The answer is an exact copy of the lines from the one with "親王飾り雛人形セット(40cmx40cmx20cm)" to the end of the listing below, pictures left out.

┌─ TASK DATA

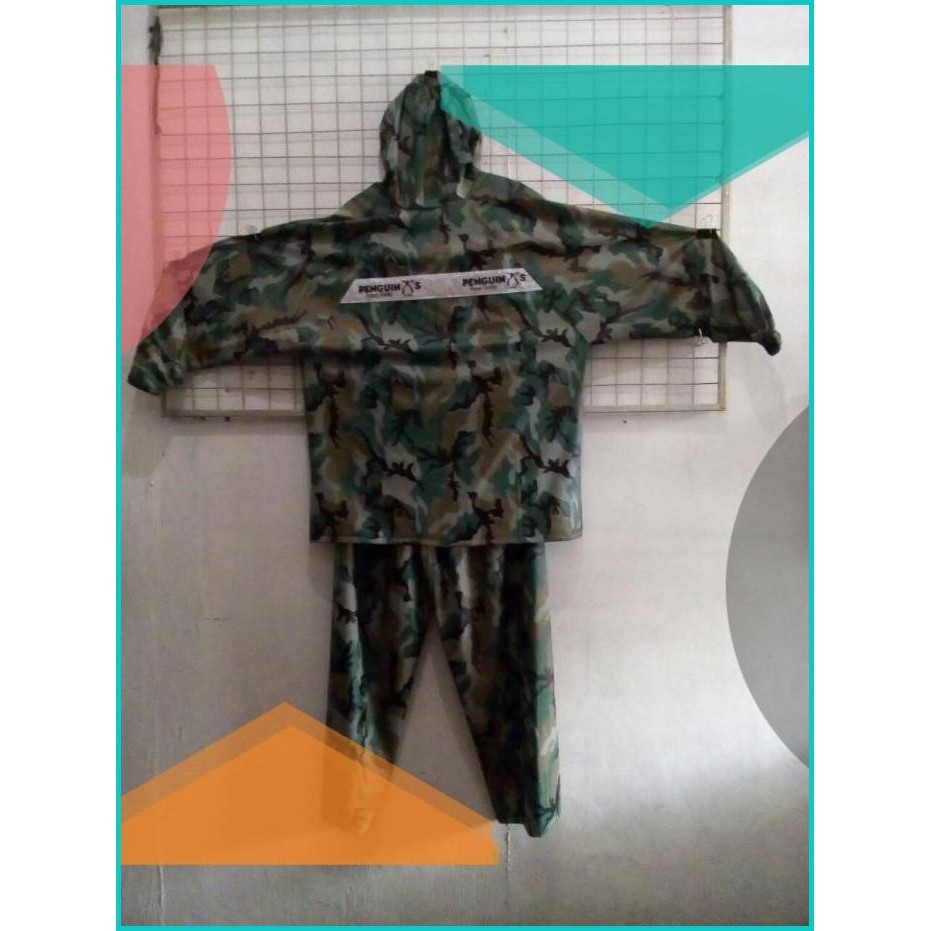 Agen grosir jas hujan penguin army doreng xxl jaket celana pvc 8JVLZ4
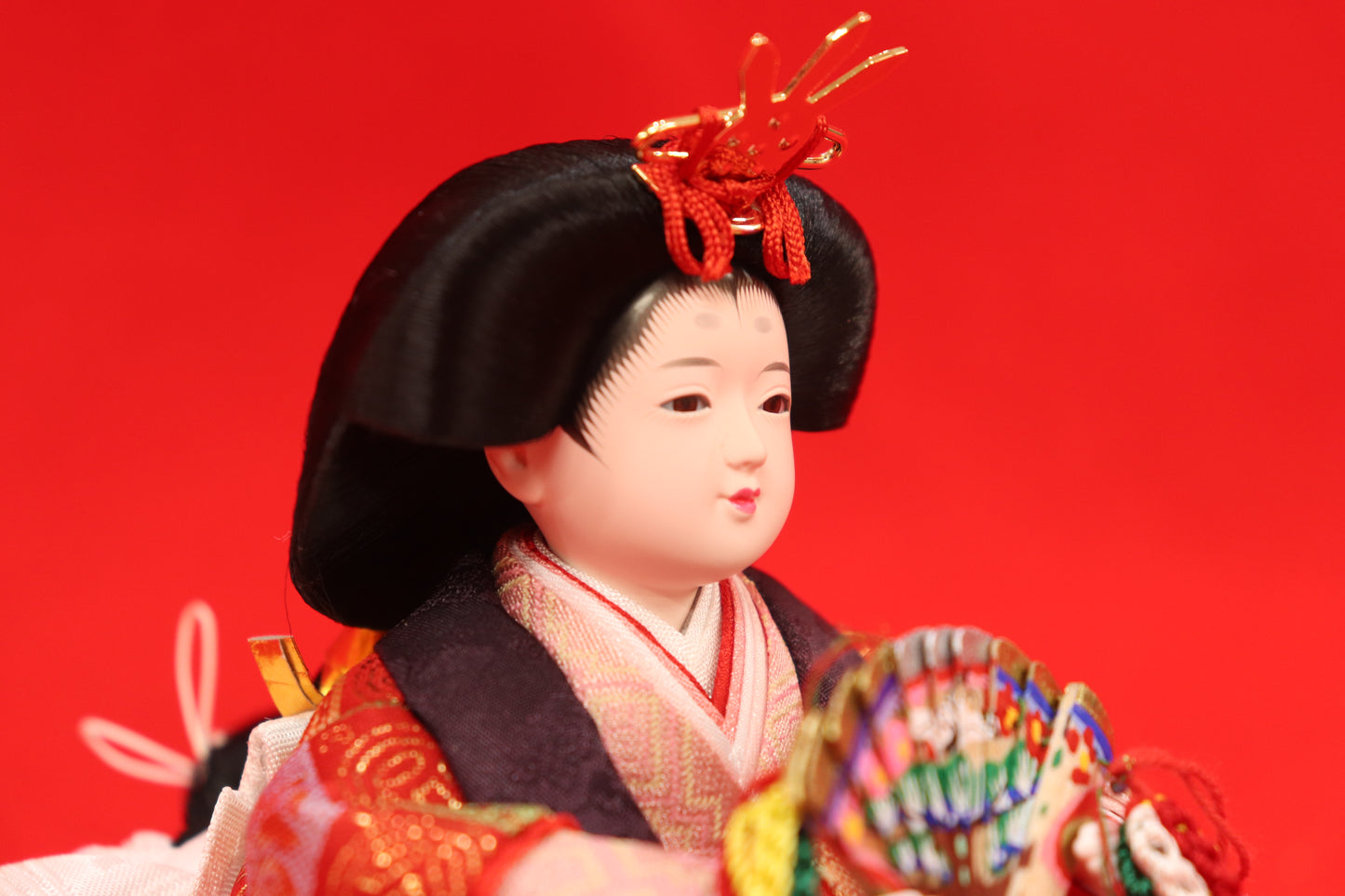 親王飾り雛人形セット(40cmx40cmx20cm)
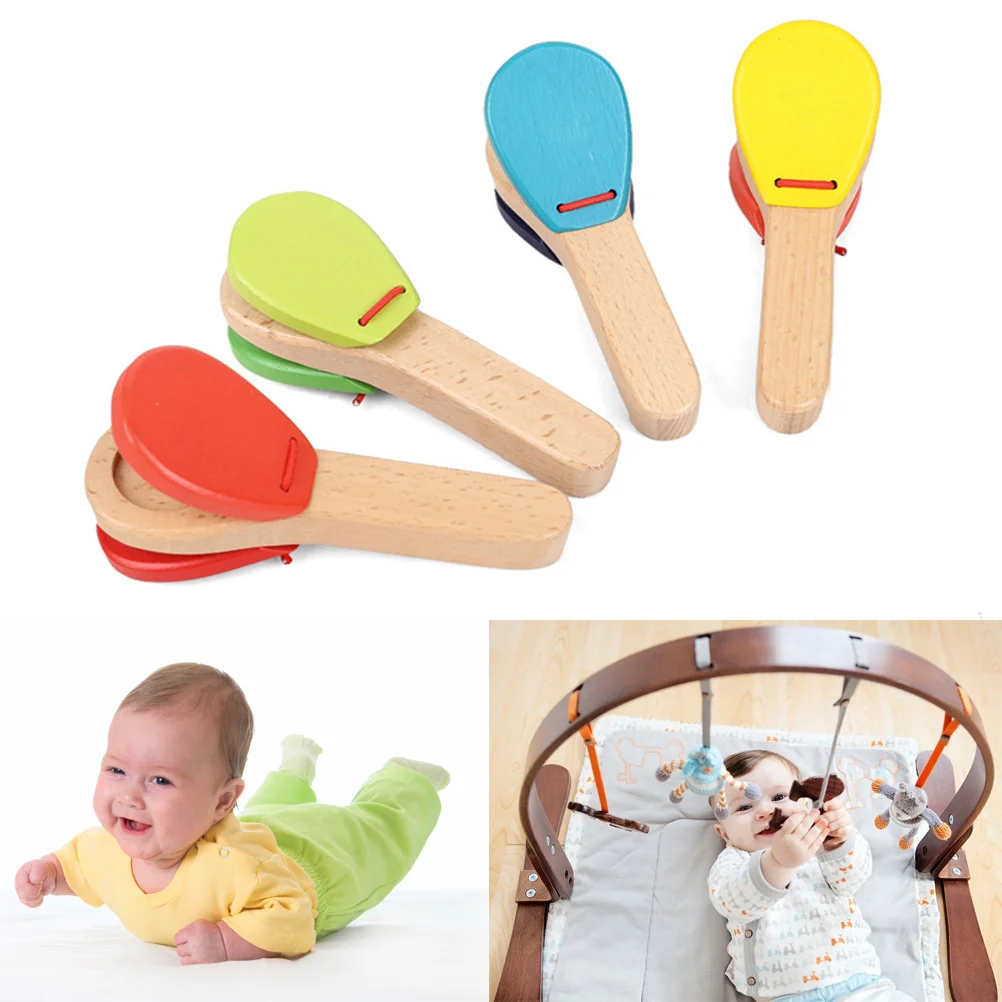 Basic Beat Castanet Clapper Musical Educational Finger Castanet Children Percussion Instrument for Kids
Basic Beat Castanet Clapper Musical Educational Finger Castanet Children Percussion Instrument for Kids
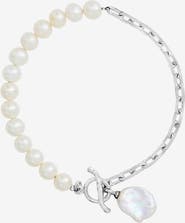 Dower & Hall Timeless Keshi Pearl Chain Bracelet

└─

## [THE ANSWER]
 親王飾り雛人形セット(40cmx40cmx20cm)
 Basic Beat Castanet Clapper Musical Educational Finger Castanet Children Percussion Instrument for Kids
Basic Beat Castanet Clapper Musical Educational Finger Castanet Children Percussion Instrument for Kids
 Dower & Hall Timeless Keshi Pearl Chain Bracelet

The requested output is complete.